◆ **BRIEF**
An exact copy is needed of the lines from the one that contains "生桩和熟桩的区别(图4)" through the final line of the data below, with pictures left out.

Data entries
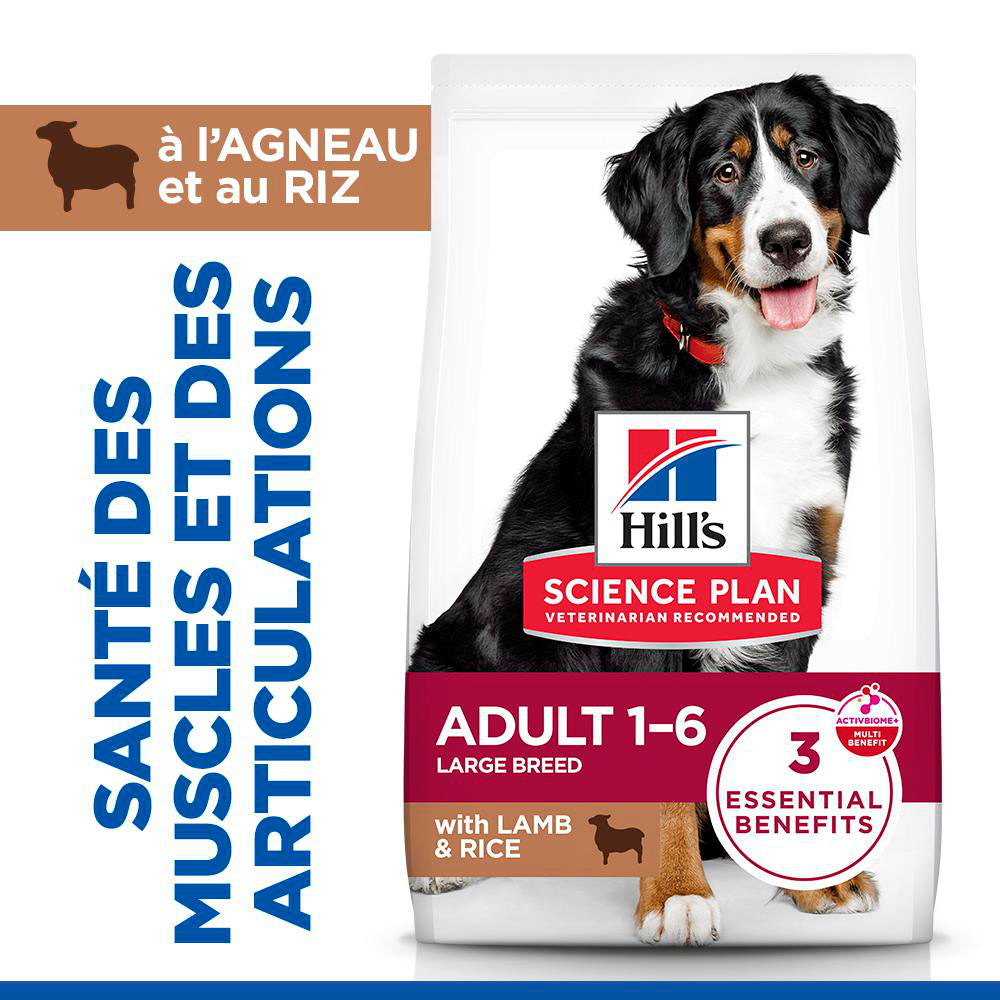 Sp Chien Adulte 1-5 Large Lambrice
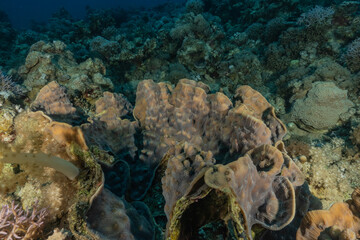 Coral reef and water plants in the Red Sea, Eilat Israel
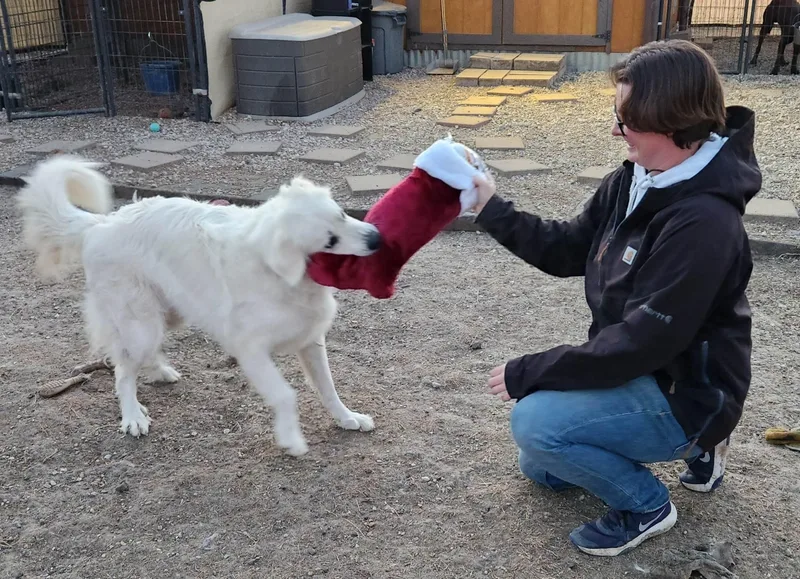 Zoey Yvette Aka Findley thumbnail 5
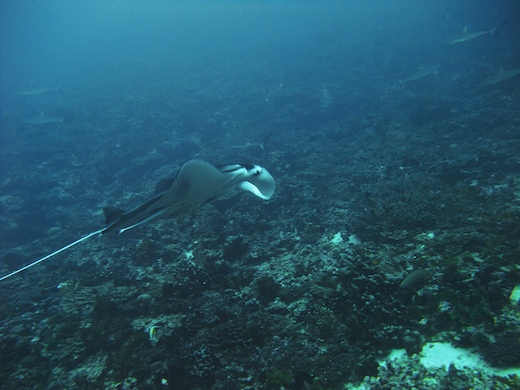 Raie Manta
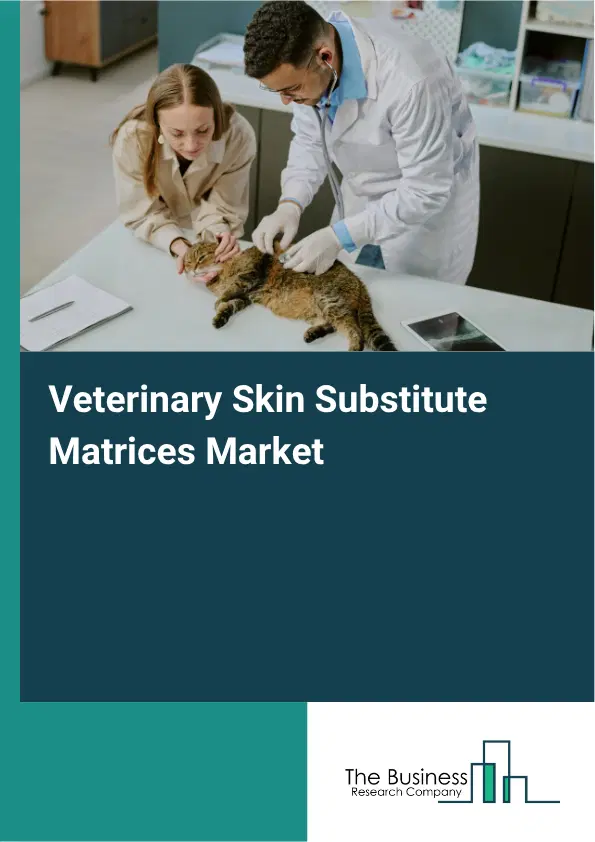 Veterinary Skin Substitute Matrices Market Report 2026 Veterinary Skin Substitute Matrices Market Report 2026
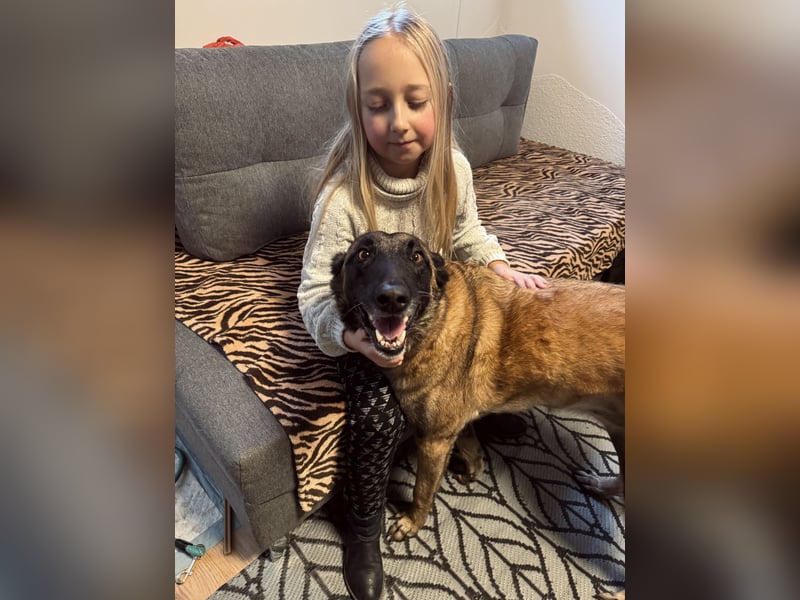 Lilli sucht ein liebevolles Zuhause
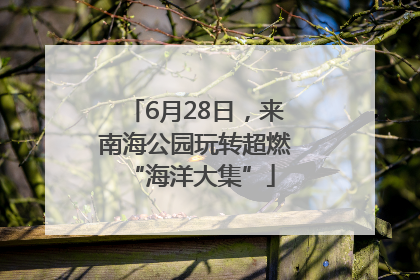 6月28日，来南海公园玩转超燃 “海洋大集”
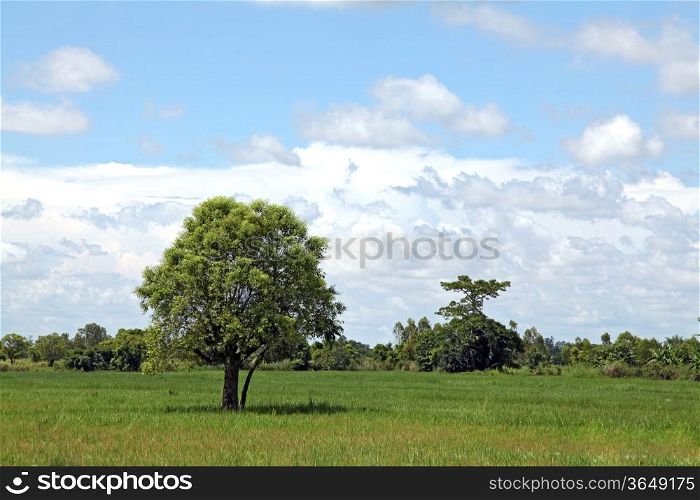 alone tree standing out on meadow field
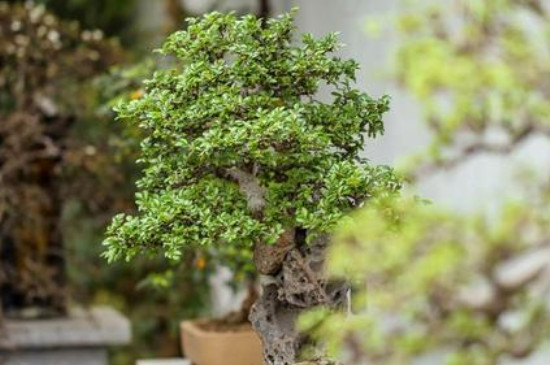 生桩和熟桩的区别(图4)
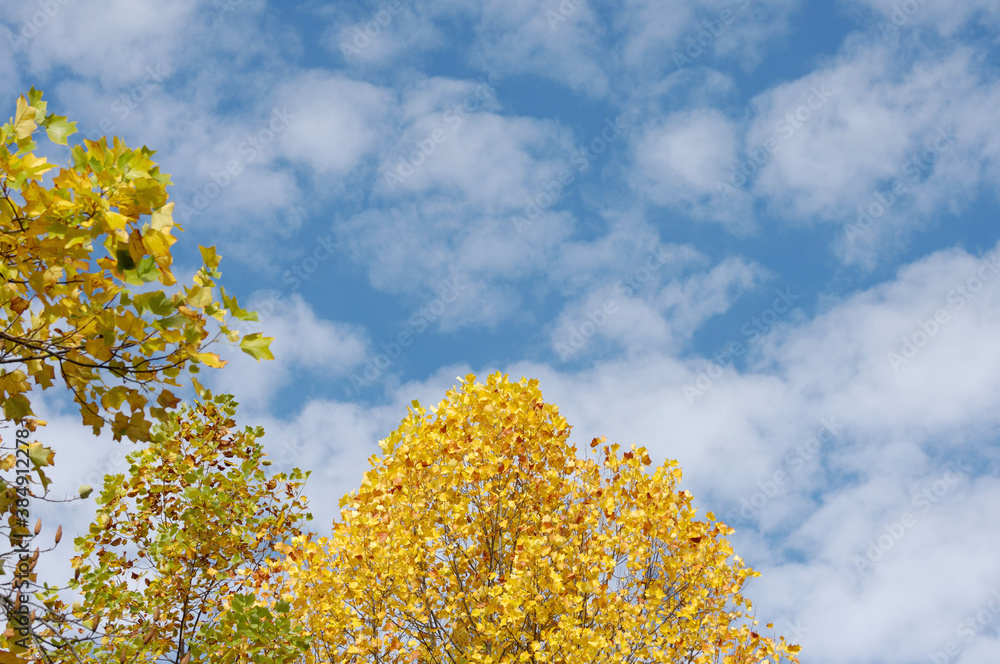 Fototapeta premium ユリの木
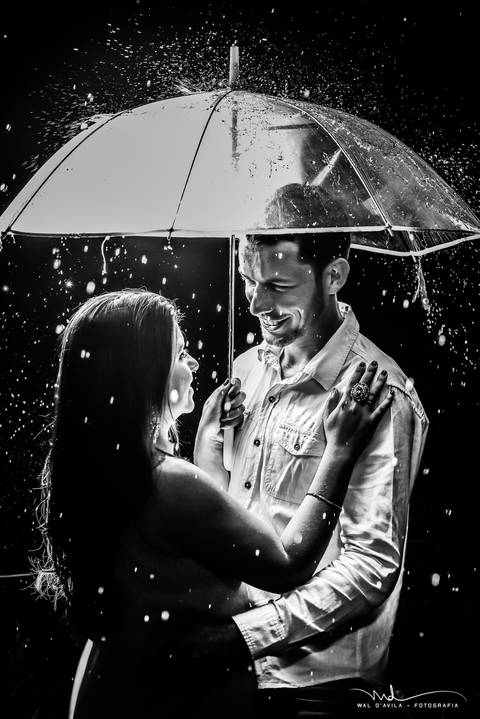 casal-country-vacas-milho'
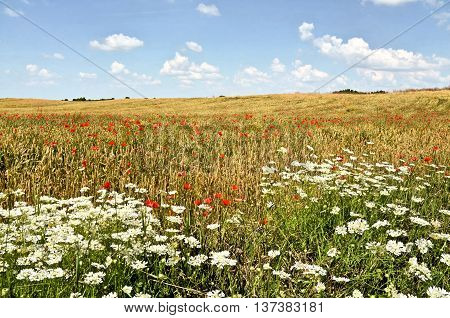 Wheat farmland in summer, agriculture in eastern Europe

◆ **TASK RESULT**
 生桩和熟桩的区别(图4)
 Fototapeta premium ユリの木
 casal-country-vacas-milho'
 Wheat farmland in summer, agriculture in eastern Europe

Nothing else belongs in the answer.